Query began coordinating events part time. For more than a year, she ran her nascent business out of a small office at The Plantory, worked a 9-to-5 day job and then met with clients in the evenings. Coincidentally, just as her “side job” was growing big enough to need a tax ID, the restaurant where she worked announced it was closing. Query took a leap.
"We wanted to make an impact, and we wanted to create cool and unique things for people."
“My initial goal was to create events for the sake of entertainment,” Query said. “We wanted to make an impact, and we wanted to create cool and unique things for people. We’re a little bigger now than when I first started, but the goal is the same.”
It’s typical in the events industry to specialize, but early on she decided on a full-service firm—a one-stop shop that includes PR and marketing, registration and web support, videography, photography, graphic design and printing.

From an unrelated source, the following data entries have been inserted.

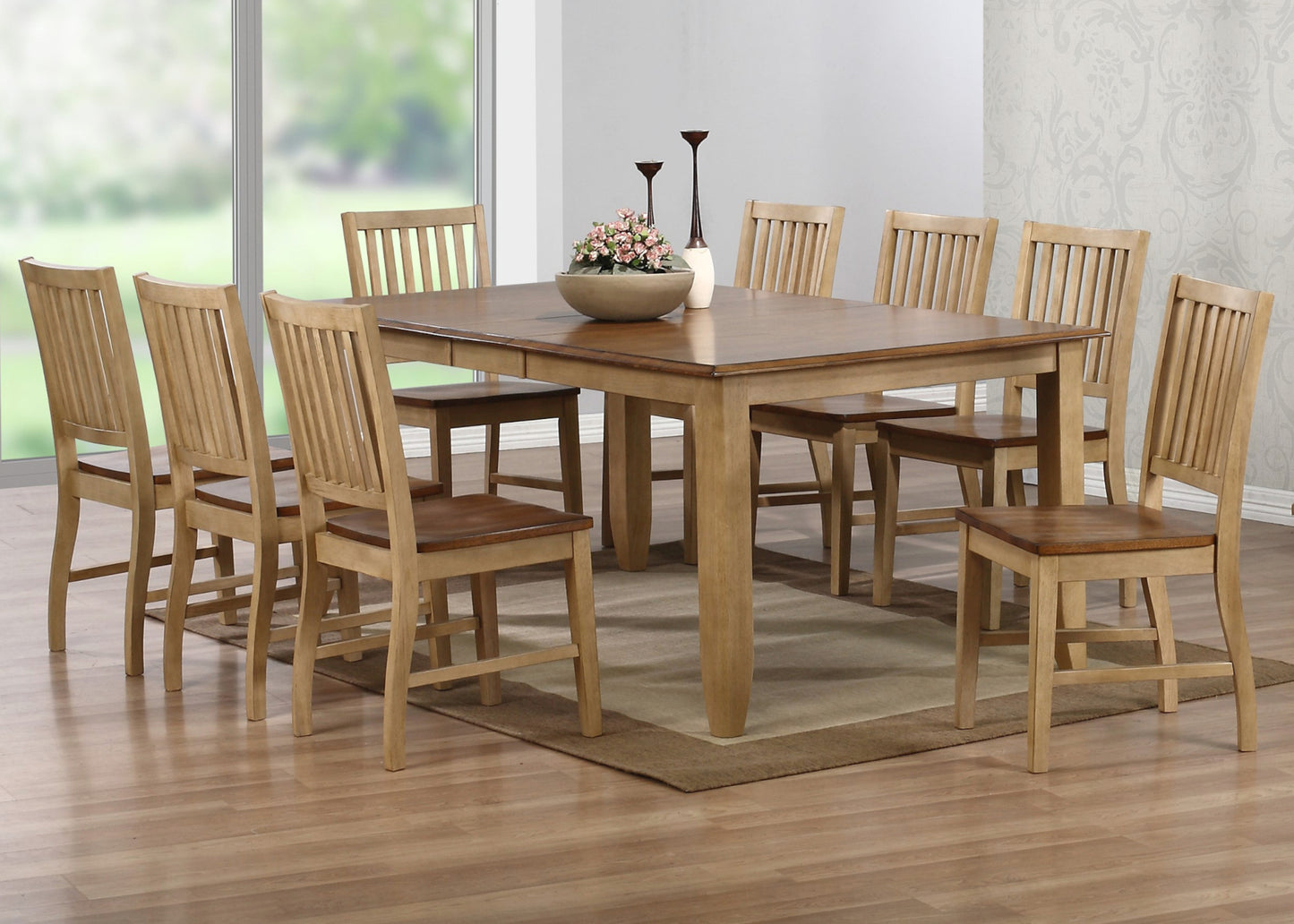 Sunset Trading Brook 9 Piece 72" Rectangular Extendable Table Dining Set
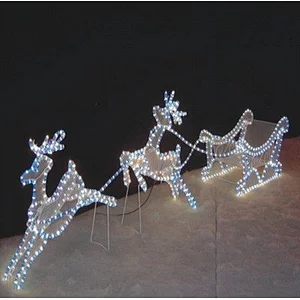 LED Christmas wedding STARKING  Cinderella Pumpkin princess Horse drawn Carriage bed Lighted Motif Cinderelle Coach Lihgt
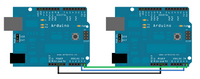 Настройка двух (или более) плат Arduino таким образом, чтобы они делились информацией по принципу «ведущая плата считывает / ведомая плата отсылает».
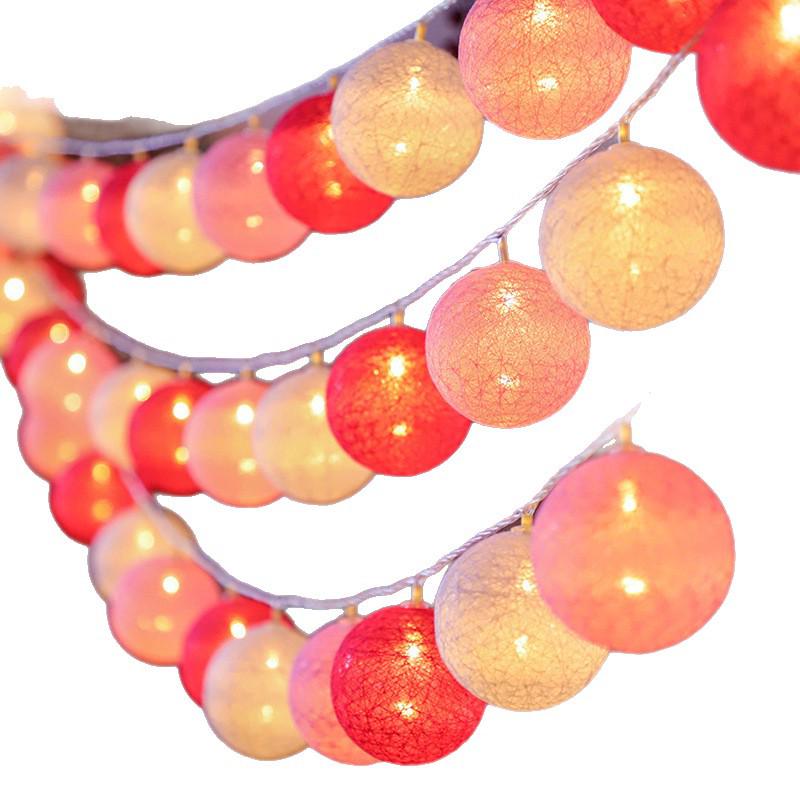 Starry LED Cotton Ball Lights: Atmospheric Outdoor Camping & Birthday Room Decor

Event manager Alyssa Masterson believes that keeping their services diverse is “extremely important” to LexEffect’s vision. But no matter the type of event—whether client-driven or entirely paid for and produced by LexEffect—the team’s collective experience and organization make them successful.
“Once we have the vision for an event, we break it down to the smallest details that many people wouldn’t think of,” Masterson said. “We’ve already been thinking it through in the back of our minds.”
The company’s passion and mission is made plain by its name; Query and crew hope that these new venues and events will have a lasting and positive effect in the Lexington community.